Premier, Madam Speaker, members of parliament, distinguished guests, ladies and gentlemen.
The Catholic Church is well-known for its commitment to the education of the young. Education has always been a significant element of the Church’s mission. It is born of an awareness that the human being flies on two wings – faith and reason. The Catholic Church has always been a strong advocate of human learning. Its history is filled with great scholars, and men and women who have advanced human thought.
In recent centuries the Church has been at the forefront of offering education to the masses. Many remarkable saints stepped forward to form religious orders dedicated to education, particularly of the poor. Our first Australian canonised saint was one such person.
Today the Catholic Church educates one in five Tasmanians. It continues its practice of giving a preferential option to the poor. We maintain schools in areas like Rosebery, and in other remote and regional areas. 55% of our students are in the lowest two socio-economic quartiles. Recently the establishing of the Flexible Learning Centre has given expression to the Church’s commitment to assist in the education of those who cannot manage within the traditional educational model.

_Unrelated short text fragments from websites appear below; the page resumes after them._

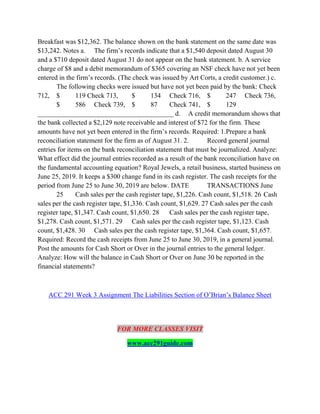Breakfast was $12,362. The balance shown on the bank statement on the same date was
$13,242. Notes a. The firm’s records indicate that a $1,540 deposit dated August 30
and a $710 deposit dated August 31 do not appear on the bank statement. b. A service
charge of $8 and a debit memorandum of $365 covering an NSF check have not yet been
entered in the firm’s records. (The check was issued by Art Corts, a credit customer.) c.
The following checks were issued but have not yet been paid by the bank: Check
712, $ 119 Check 713, $ 134 Check 716, $ 247 Check 736,
$ 586 Check 739, $ 87 Check 741, $ 129
________________________________________ d. A credit memorandum shows that
the bank collected a $2,129 note receivable and interest of $72 for the firm. These
amounts have not yet been entered in the firm’s records. Required: 1.Prepare a bank
reconciliation statement for the firm as of August 31. 2. Record general journal
entries for items on the bank reconciliation statement that must be journalized. Analyze:
What effect did the journal entries recorded as a result of the bank reconciliation have on
the fundamental accounting equation? Royal Jewels, a retail business, started business on
June 25, 2019. It keeps a $300 change fund in its cash register. The cash receipts for the
period from June 25 to June 30, 2019 are below. DATE TRANSACTIONS June
25 Cash sales per the cash register tape, $1,226. Cash count, $1,518. 26 Cash
sales per the cash register tape, $1,336. Cash count, $1,629. 27 Cash sales per the cash
register tape, $1,347. Cash count, $1,650. 28 Cash sales per the cash register tape,
$1,278. Cash count, $1,571. 29 Cash sales per the cash register tape, $1,123. Cash
count, $1,428. 30 Cash sales per the cash register tape, $1,364. Cash count, $1,657.
Required: Record the cash receipts from June 25 to June 30, 2019, in a general journal.
Post the amounts for Cash Short or Over in the journal entries to the general ledger.
Analyze: How will the balance in Cash Short or Over on June 30 be reported in the
financial statements?
ACC 291 Week 3 Assignment The Liabilities Section of O’Brian’s Balance Sheet
FOR MORE CLASSES VISIT
www.acc291guide.com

Catholic education serves the whole of the Tasmanian community. This is particularly true now more than ever as 50% of our students are not Catholic. Parents obviously recognise that our schools have something to offer that they appreciate. They often comment on the level of care given to students and the wholesome environment of the schools. We are proud to be able to contribute to the education of many who are not of the faith.

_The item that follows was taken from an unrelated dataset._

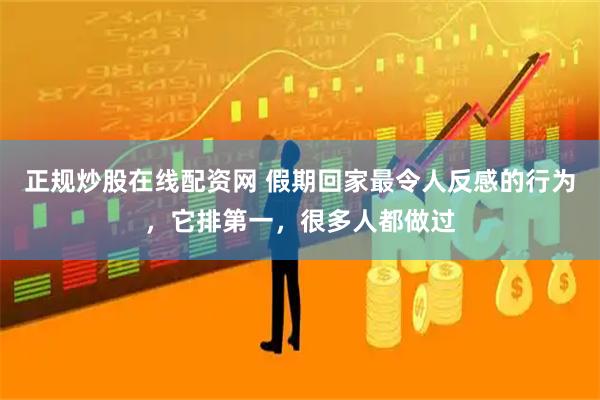 正规炒股在线配资网 假期回家最令人反感的行为，它排第一，很多人都做过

Of course, our schools are inspired by our faith in Jesus Christ. Our mission and vision statements acknowledge that it is the person and teaching of Christ that animates all that we do.

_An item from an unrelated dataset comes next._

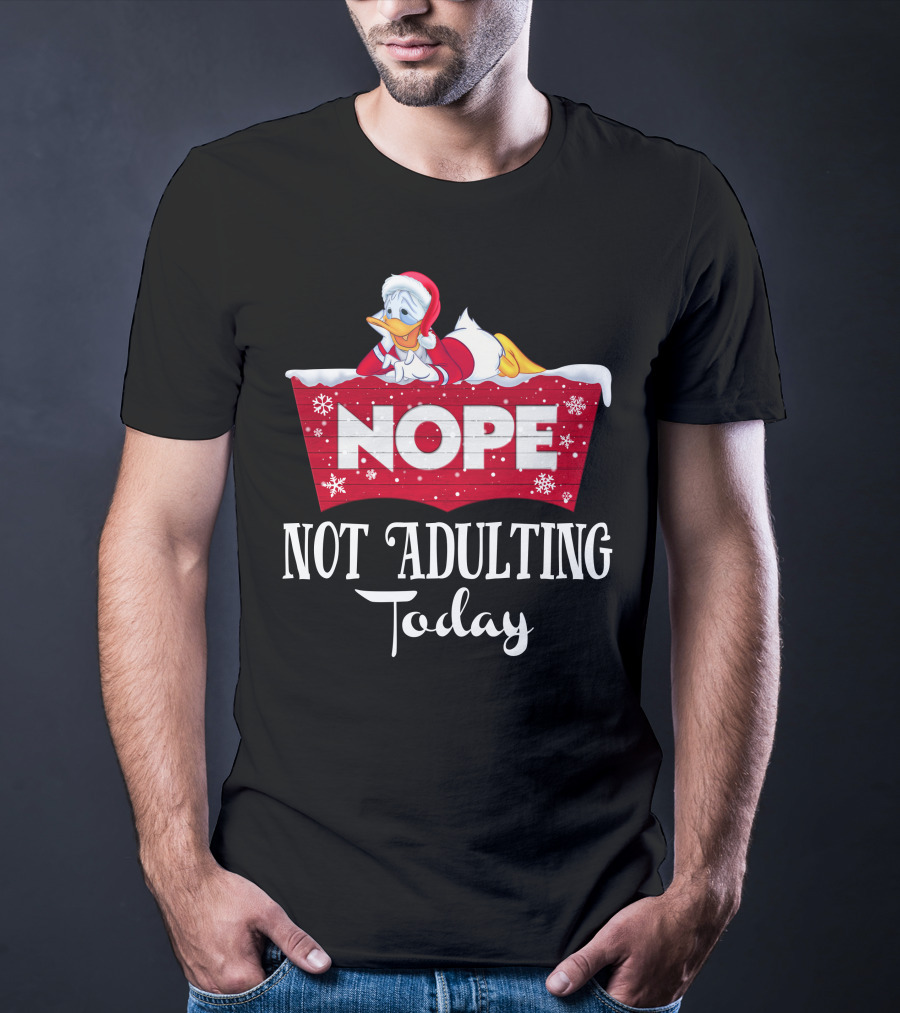 Nope Donald Not Adulting Today Santa Outfit Holiday T-Shirt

The worship of God is a natural human good because it contributes to and fosters the flourishing of the human person. Apart from being a vehicle for the eternal salvation of people, it also assists in their physical, social, emotional and spiritual wellbeing. The value of religion arises from its pursuit of truth about the nature of human life, and offers meaning and value to the human life.
It is only because our society recognizes freedom of religion as a fundamental human right that our schools are able to operate. It is important that the religious freedom of our Catholic schools is respected so that we can continue to do what we do best – form young people holistically to be good citizens, both in the earthly and heavenly cities.
I thank the Premier and members of parliament for honouring Catholic education in Tasmania by attending this launch of Catholic Education week this evening.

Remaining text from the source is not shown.